### EXERCISE DIRECTIONS
Your task is to write out the entire listing exactly, omitting its pictures.

### RECORDS

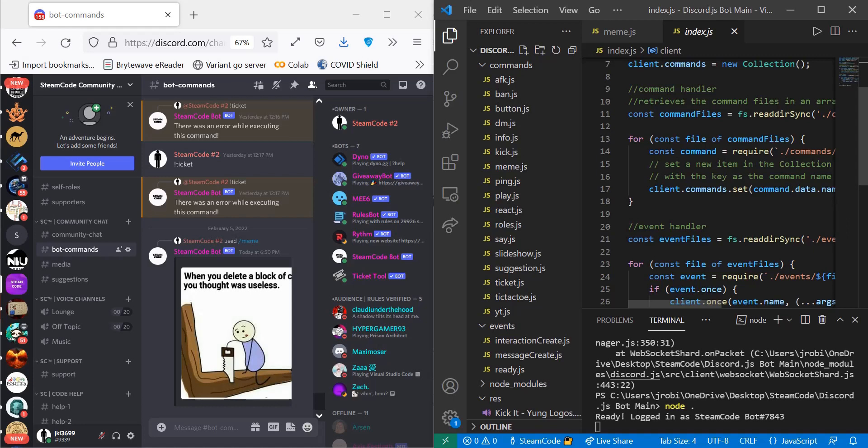Hello everyone, welcome back to Steam Code, and in this video we're going to be creating a meme generation command with our Discord.js bot. As this is part 21 of our series, if you're a newcomer, don't worry — you don't have to watch all 21 parts to understand this video, because I'll be going over everything that you're going to need throughout this video.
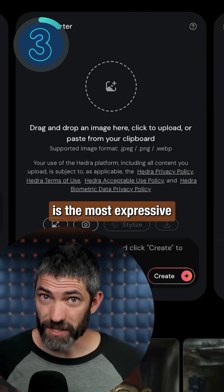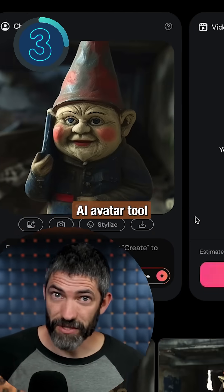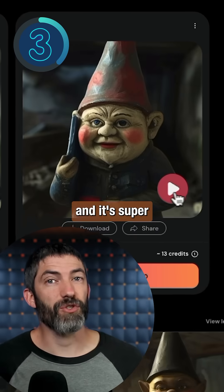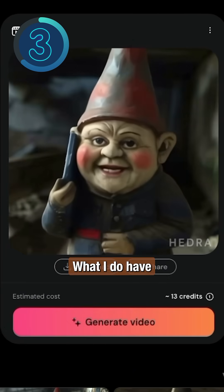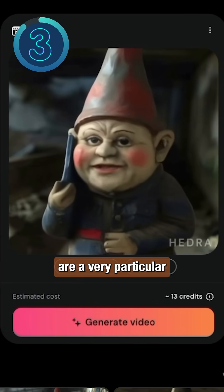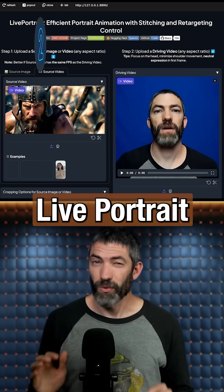Hedra is the most expressive AI avatar tool, and it's super easy to use. What I do have are a very particular set of skills.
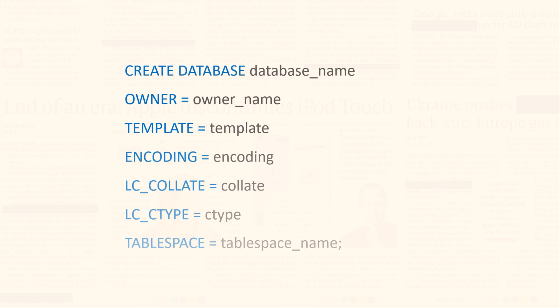To create a database in PostgreSQL, we use the CREATE DATABASE SQL command. Right on your screen is the syntax of the CREATE DATABASE DDL. Now I will explain each of these parameters to you.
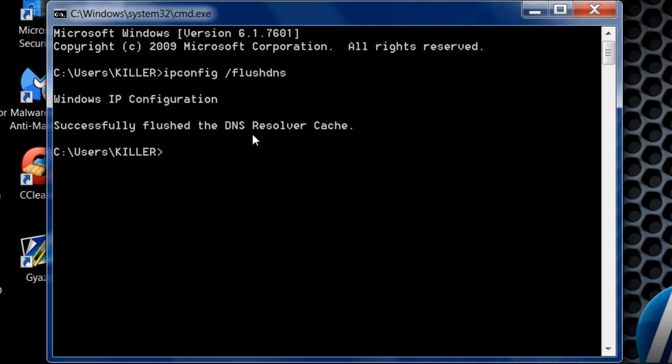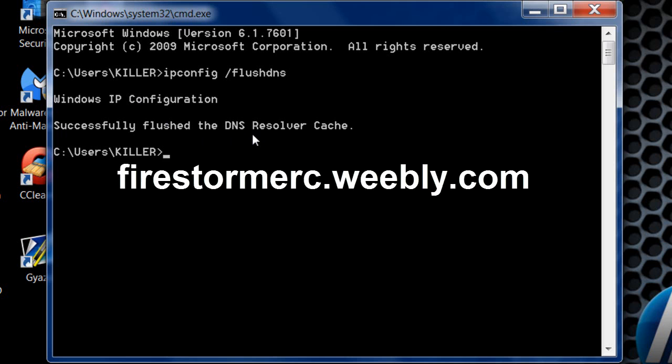That's how you flush your DNS cache on Windows using command prompt. Please check out my media links below: Facebook, Twitter, Tumblr, and Google Plus.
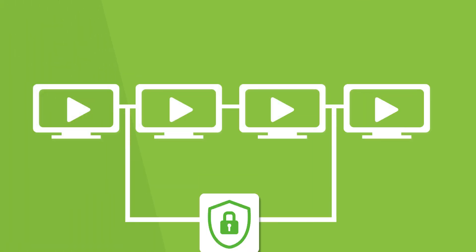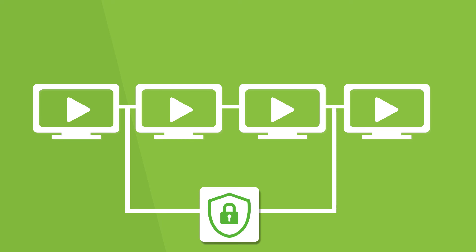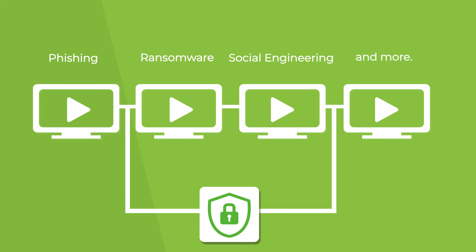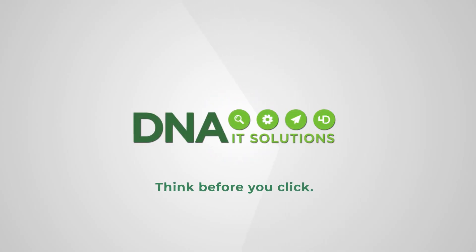Our series of training videos provides the tools needed to safeguard your business data. They will help protect you against phishing, ransomware, social engineering and more. We show you the pitfalls so you can think before you click.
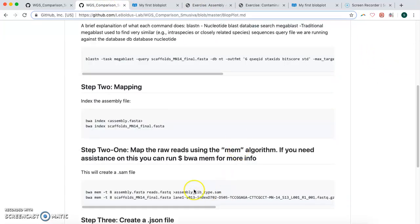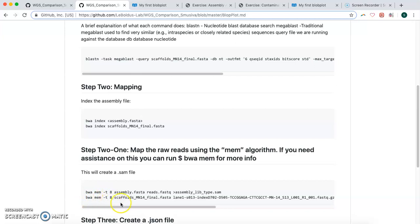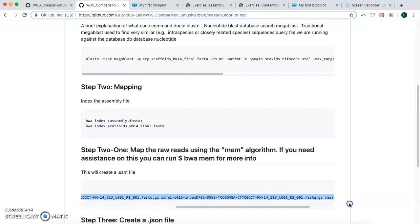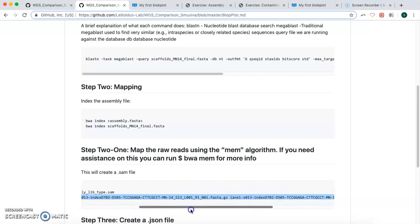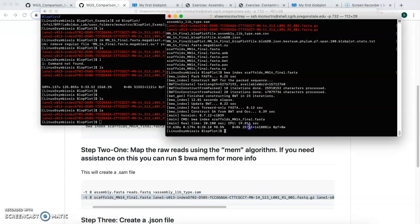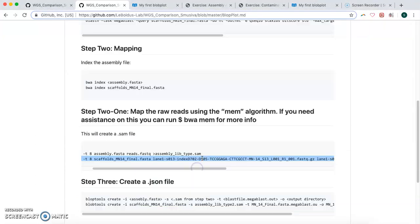We're using that program to create the, to use the bwa algorithm, which is this command here. And it's going to create a .sam file. So we would normally copy all that, change our files accordingly. It's our two reads file and our assembly file. That step does take a while, so I'm not going to run that one either.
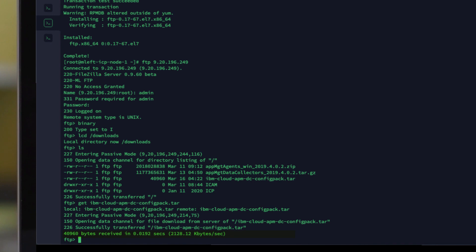That is now downloaded. You can see on the bottom line how many bytes were received and what the kilobytes per second were. I hope that helps you move some of your installation media.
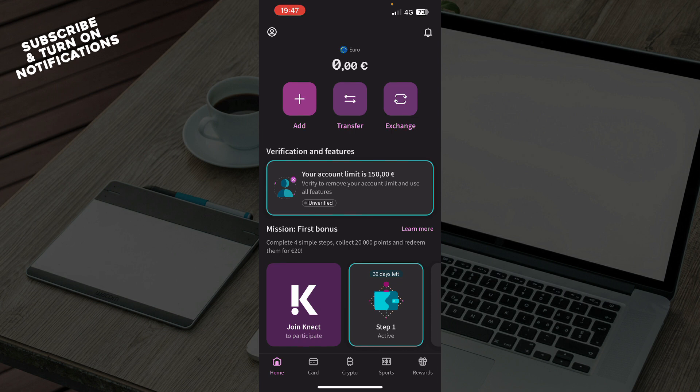But now let's see how you can actually go and receive crypto on Skrill. First of all, open the Skrill app and log into your account.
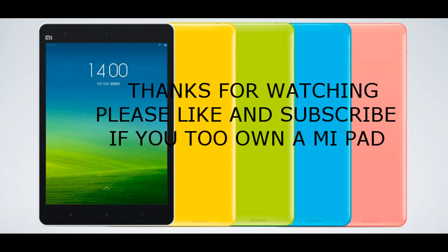Thanks for watching. Please like and subscribe if you own a Mi Pad. Thank you.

### ANSWER TO THE EXERCISE
Hello everyone, welcome back to Steam Code, and in this video we're going to be creating a meme generation command with our Discord.js bot. As this is part 21 of our series, if you're a newcomer, don't worry — you don't have to watch all 21 parts to understand this video, because I'll be going over everything that you're going to need throughout this video.
Hedra is the most expressive AI avatar tool, and it's super easy to use. What I do have are a very particular set of skills.
To create a database in PostgreSQL, we use the CREATE DATABASE SQL command. Right on your screen is the syntax of the CREATE DATABASE DDL. Now I will explain each of these parameters to you.
That's how you flush your DNS cache on Windows using command prompt. Please check out my media links below: Facebook, Twitter, Tumblr, and Google Plus.
Our series of training videos provides the tools needed to safeguard your business data. They will help protect you against phishing, ransomware, social engineering and more. We show you the pitfalls so you can think before you click.
We're using that program to create the, to use the bwa algorithm, which is this command here. And it's going to create a .sam file. So we would normally copy all that, change our files accordingly. It's our two reads file and our assembly file. That step does take a while, so I'm not going to run that one either.
That is now downloaded. You can see on the bottom line how many bytes were received and what the kilobytes per second were. I hope that helps you move some of your installation media.
But now let's see how you can actually go and receive crypto on Skrill. First of all, open the Skrill app and log into your account.
Thanks for watching. Please like and subscribe if you own a Mi Pad. Thank you.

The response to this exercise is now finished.